We plotted the first two principal components and distinguished the original and masked VCFs with a marker type. In the first case (Fig. 4) we masked the VCFs using the whole gnomAD variation as population allele frequencies. As a result, the masked VCFs are clearly separated from the personal VCFs as two different clusters, implying that the masking using whole gnomAD variation caused a shift from the population of origin to the mixture of gnomAD populations. In the second case (Figs. 5 and 6), we selected only the non-Finnish European gnomAD population allele frequencies thus creating a single cluster. This time, the masked VCFs cannot be unambiguously mapped to corresponding personal VCFs since they stay within the same population space. Moreover, outliers – the VCFs with specific genotypes – are shifted towards the population cluster.

Fig. 4
figure 4

Personal VCFs are clearly shifted from the original local population (non-Finnish European) to VCFs masked with alleles from all gnomAD populations. Lines link the individual original BAMs (circles) with their masked counterparts (triangles)

Fig. 5
figure 5

All masked VCFs, including outliers in their personal form, are clustered in the same region. The lines link the individual original BAMs (circles) with their masked counterparts (triangles). For details of the cluster, see Fig. 6

Fig. 6
figure 6

The detail of the cluster from Fig. 5. The lines link the individual original BAMs (circles) with their masked counterparts (triangles)

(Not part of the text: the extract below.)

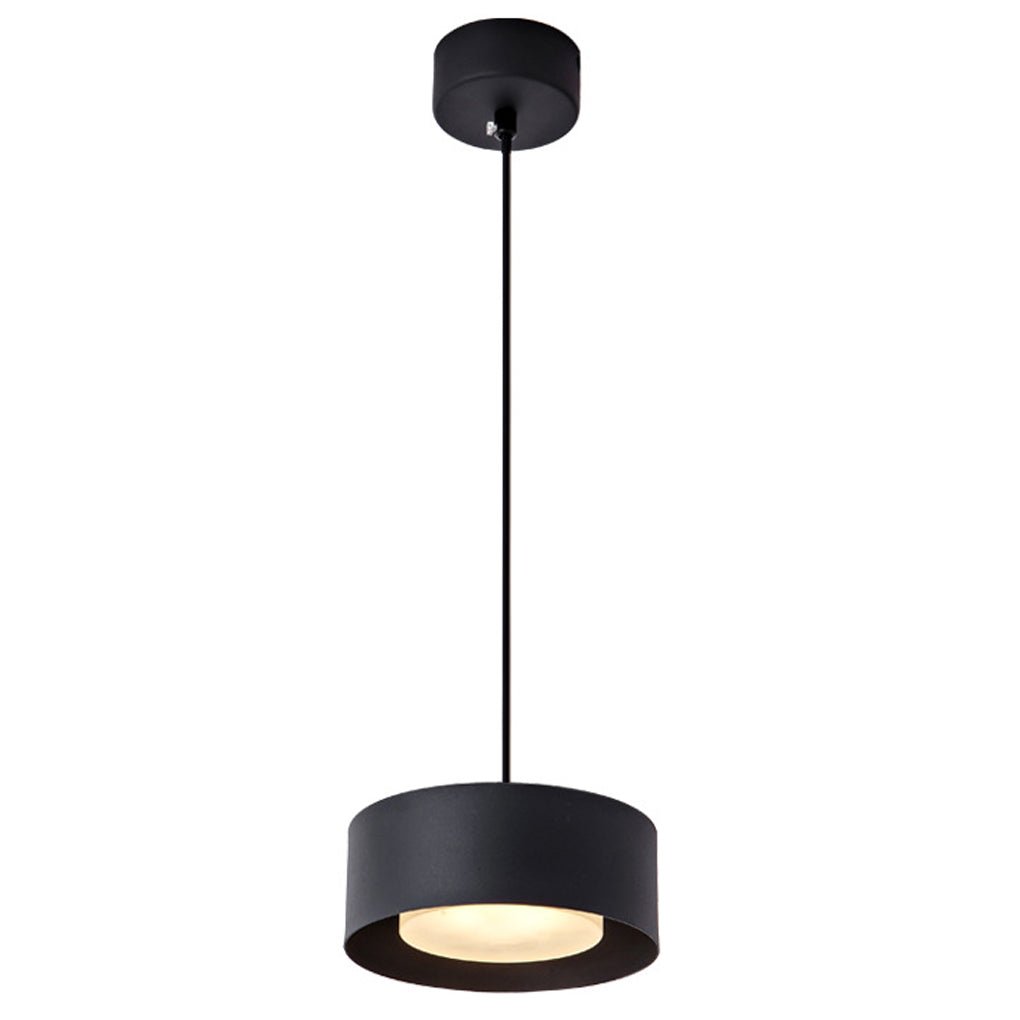 Modern Minimalist Iron Round Chandelier for Living Room, Dining Room, or Café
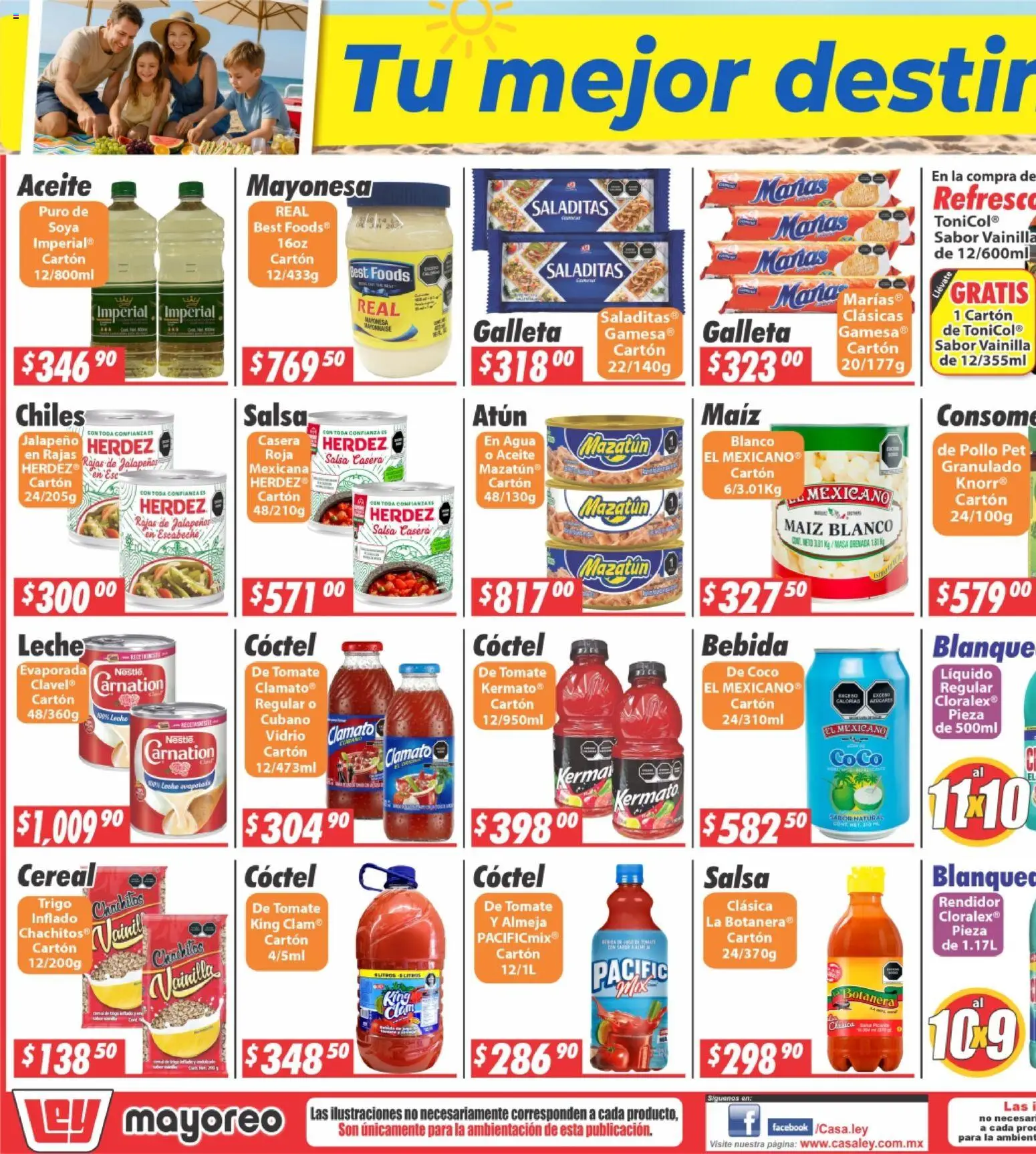 Nuevas ofertas de Casa Ley válidas en toda la República Mexicana desde el 30.03.2026. ¡Encuentra las mejores ofertas en Casa Ley folleto Tepic! | Página: 3 | Productos: Refresco, Tomate, Agua, Aceite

The masking effect on personal alleles from two distinct populations

In the second PCA analysis, we compared the masking effect jointly on exome samples from the 1000 Genome Project [1]. To find and plot the principal components, we used the same approach as in the first analysis. In particular, we selected five samples from the African population (AFR) and five samples from the non-Finnish European population (NFE). We masked each sample with both the AFR and the NFE allele frequencies from the gnomAD database. Personal samples from the NFE population are clearly clustered on the left, while personal samples from the AFR population are mostly separated and placed on the right side of the image (Fig. 7). The samples masked with the matching population stay in the vicinity of the related personal samples, i.e. they cannot be distinguished from other samples within this population. In contrast, samples masked with the other population are shifted towards this population area but may not reach full similarity with this population. Nevertheless, this approach masked the original population of the sample. In conclusion, the masking of personal variation is effective when the population of masking frequencies matches the population of the personal sample. We provide additional analyses confirming this statement in the Additional file 1; Section 4; Figs. 2, 3, 4, 5.

Fig. 7
figure 7

Personal and masked VCFs from African (red) and non-Finnish European (blue) population. Each of the two personal VCFs was masked with non-Finnish European (triangle) and African (square) population allele frequencies. The arrows point to a position of the masked version of the personal VCF, while the coloured arrow denotes masking with population allele frequencies matching the origin of the personal VCF

Masking of pathogenic variation

In this section, we focused the analysis on clinically relevant variants which are considered to be privacy-sensitive. More specifically, this concerns the variants classified as pathogenic or likely pathogenic based on the current guidelines on the interpretation of sequence variants [28]. We manually examined the pathogenic variants according to the annotations provided by the Ensembl Variant Effect Predictor [19] within the clinically relevant genes defined by American College of Medical Genetics (ACMG) [14] in all 33 personal and masked samples. Three variants from the personal set were masked, and three new variants were introduced in the masked set. A single variant had no population allele frequency defined and could not therefore be processed by the method. Within the personal set, we found 5 different variants across 12 samples. One of them (rs1805124) was present in 10 samples. Within the masked set, we found 6 different variants in 19 samples while one of them (rs1805124) was present in 16 samples. The population allele frequency of the rs1805124 variant was 23.96% which resulted in low masking probability and high introduction probability. We also observed a zygosity change in this particular variation in a single masked sample. This analysis demonstrated the effectiveness of masking personal alleles, especially those with low population frequency. Nevertheless, clinically relevant alleles may be missing from public variation archives and the allele population frequencies must be known beforehand in order to mask the related variants.

Reversibility of masking

We used 33 clinical exomes to validate the reversibility of the masking method. First, we masked and unmasked all the 33 samples. Next, we called variants on both original and masked samples, producing two sets of 33 VCF files. We compared the number of called variants for each sample between the two sets and also their file contents with the standard Linux shell diff command. The comparison showed that the unmasking method fully restored the original alignment data, resulting in two identical call sets for each genomic sample, containing 276,295 variants in total. Moreover, we confirmed an exact match of records from each sample between its original and unmasked version in both BAM and VCF files.

Discussion

The growing number of sequenced genomes and improving genomic interpretation makes their carriers and their relatives vulnerable to privacy violations [7, 11, 21, 31]. It is therefore essential to prevent unauthorised copying, modifying, and sharing of private genomic data. On the other hand, sharing of data is a fundamental part of genomic research inevitable in clinical practice [23, 32]. Given these points, a practical solution to genomic privacy represents a certain trade-off between privacy and utility of the data [21, 31].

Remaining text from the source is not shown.